Not only is Chloe Morgan Crystal Palace Women's experienced recent signing, she's also a lawyer, ambassador and vocal spokesperson on issues reaching both into and out of football.
We caught up with her shortly after joining the Eagles to run through her incredible career to date and, while talking, conversation turned to the summer's black lives matter movement and to how football has reacted.
"Change starts from the top," Morgan said, tackling what steps must be taken next to maintain the momentum generated in recent months. "Addressing the lack of diversity in the boardrooms is the best way to address a lack of diversity elsewhere because decisions get filtered down. We must hear voices from the wider community, who can appreciate other people’s opinions and views and how major decisions might affect them.
"Individual clubs, generally speaking, are being quite proactive, which is fantastic. But still a lot of BAME kids growing up are not able to see themselves reflected in coaches and physios and coaching staff. That needs to be addressed.
"I think it’s great that so much attention is now being drawn to the issue. Now, steps need to be taken to continue driving change."
Black History Month starts today (Thursday 1st October), an educational celebration which began in the UK in 1987. Morgan identifies the observance, and clubs' participation in it, as a notable step forward in progressing racial equality.

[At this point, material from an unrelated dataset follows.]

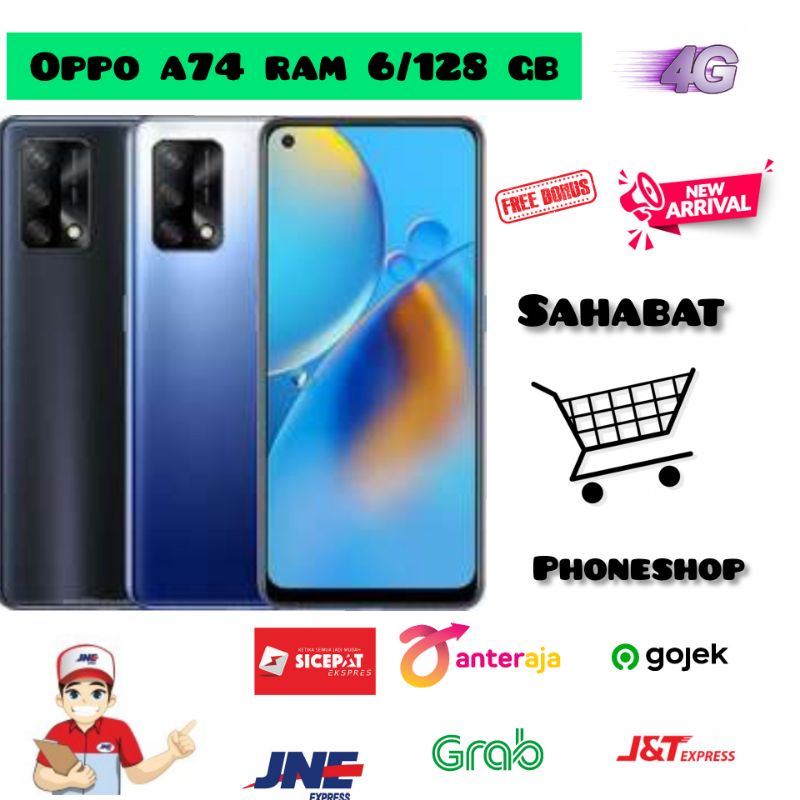 OPPO A74 4G RAM 6/128 GB GARANSI RESMI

But, she says, more can still be done:
"Clubs are being quite proactive. There’s Black History Month and also Pride Month that a lot of clubs get involved in, which is fantastic. Specifically talking about women’s football, there are only 10-15% of players at elite level who are BAME, so I think there definitely needs to be more research and more study into why that is the case.
Chloe Morgan talks Crystal Palace, her career, LGBT and BAME representation and Spurs23 July 2020
"It could be nothing to do with there being barriers. It could be cultural or another factor. But it’s unusual when you’ve got this many people going into the sport that it isn’t better reflected at elite level.
"Steps need to be taken to address that and maybe that comes from a lot of BAME kids growing up not being able to see themselves reflected in coaches and physios and the coaching staff. That definitely needs to be addressed but I think it’s great so much attention is now being drawn to the issue."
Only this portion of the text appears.